I had a picture in mind when I started this puzzle of my life. Mom was with me when I put together the edge pieces and fashioned a frame where everything would fit. I never look at the cover after I take the pieces out. The life jigsaw puzzle metaphor struggles when I consider the fact I never had the center pieces to begin with… that I didn’t know what pieces would be missing from the start… that I never considered that like my kitchen cabinets after four years, that the picture might need changing, too.
Sunday night, after reorganizing, cooking, and placing the final edge piece, I watched the wholesome mother read the last page of a book to her child in bed. The good witch’s daughter is speechless for a moment, then whimsically exhales, “That was the perfect ending.” The salty tears that stirred could have rivaled the storm outside before I was even cognizant of the cause. Mom and I had a perfect ending in store for my life, and it didn’t happen. I’m starting over in a new job, and that means the old one had to end first. It didn’t end perfectly, but the story still owns its ending.
It hasn’t started raining again yet, but it will, and I’ll plan to change plans when necessary. On Thursday, the weather cooperated enough for my brother’s kids to celebrate their birthday at Busch Gardens. The twins are finally tall enough to ride Grover, the Sesame Street roller coaster. Tessa grabbed my hand to be her riding partner. Theresa is her grandmother’s namesake, but Tessa fits her four year old feistiness better. We rode twice, and I couldn’t stop laughing at her excitement. Between cries and shrieks and giggles, I could make out a repeated phrase: “I was so scared.”

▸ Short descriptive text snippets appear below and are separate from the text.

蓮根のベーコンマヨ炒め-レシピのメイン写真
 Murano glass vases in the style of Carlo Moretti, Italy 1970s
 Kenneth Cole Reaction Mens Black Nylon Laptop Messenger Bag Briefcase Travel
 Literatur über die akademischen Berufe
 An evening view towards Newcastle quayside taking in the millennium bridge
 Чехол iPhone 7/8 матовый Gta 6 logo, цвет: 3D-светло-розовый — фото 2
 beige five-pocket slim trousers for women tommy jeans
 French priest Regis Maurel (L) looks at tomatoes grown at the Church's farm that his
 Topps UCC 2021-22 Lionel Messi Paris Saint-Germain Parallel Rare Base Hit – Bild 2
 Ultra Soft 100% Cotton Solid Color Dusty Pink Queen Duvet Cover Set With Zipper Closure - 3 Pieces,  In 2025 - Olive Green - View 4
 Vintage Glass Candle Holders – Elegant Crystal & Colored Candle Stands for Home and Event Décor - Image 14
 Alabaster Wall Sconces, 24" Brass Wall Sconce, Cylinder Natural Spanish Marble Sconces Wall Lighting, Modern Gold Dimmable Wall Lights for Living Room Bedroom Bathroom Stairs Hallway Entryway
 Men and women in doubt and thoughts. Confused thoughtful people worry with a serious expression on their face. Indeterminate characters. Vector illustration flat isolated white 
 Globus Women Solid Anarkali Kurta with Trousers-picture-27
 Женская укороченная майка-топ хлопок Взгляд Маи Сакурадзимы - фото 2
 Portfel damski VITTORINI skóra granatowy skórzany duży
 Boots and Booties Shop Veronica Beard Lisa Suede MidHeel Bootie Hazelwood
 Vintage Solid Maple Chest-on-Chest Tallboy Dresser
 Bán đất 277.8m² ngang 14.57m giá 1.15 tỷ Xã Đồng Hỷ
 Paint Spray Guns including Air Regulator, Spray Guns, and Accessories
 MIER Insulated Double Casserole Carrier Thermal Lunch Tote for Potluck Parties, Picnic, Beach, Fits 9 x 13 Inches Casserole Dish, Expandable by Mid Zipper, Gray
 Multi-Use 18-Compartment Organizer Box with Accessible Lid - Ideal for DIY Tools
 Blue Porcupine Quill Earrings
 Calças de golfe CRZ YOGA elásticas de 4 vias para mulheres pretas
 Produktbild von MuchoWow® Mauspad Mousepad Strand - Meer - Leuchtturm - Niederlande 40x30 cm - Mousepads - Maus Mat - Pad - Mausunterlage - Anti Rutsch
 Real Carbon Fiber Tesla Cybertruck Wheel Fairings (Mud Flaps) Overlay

With that huge smile lighting up her tiny face, you’d never believe Tessa was scared. She was ecstatic after the ride was over. Tessa and I didn’t get on that roller coaster to find the perfect ending. Even after experiencing fear, she was right back in line to do it again. The journey, its twists and turns, its ups and downs, took Tessa through a range of emotions, and if I judged a rollercoaster’s quality like I do that of a storybook, I would miss the point. There is no perfect ending for a roller coaster. It stops, and the rider remembers the journey.
Charming and I rode the bigger coasters last year. Tessa asked at family dinner tonight when she was going to see him again. I looked into those light eyes that just days ago glimmered with glee and faced her sadness with grown up words she understood. I truly am sorry for the unfinished puzzle.
Food goes with family, but now that I’m alone in the kitchen, it’s time for a creative makeover to that perfect ending, Thomas Kinkade, storybook picture of my life. If I discover there is only one silhouette in the frame, where will I find my legacy?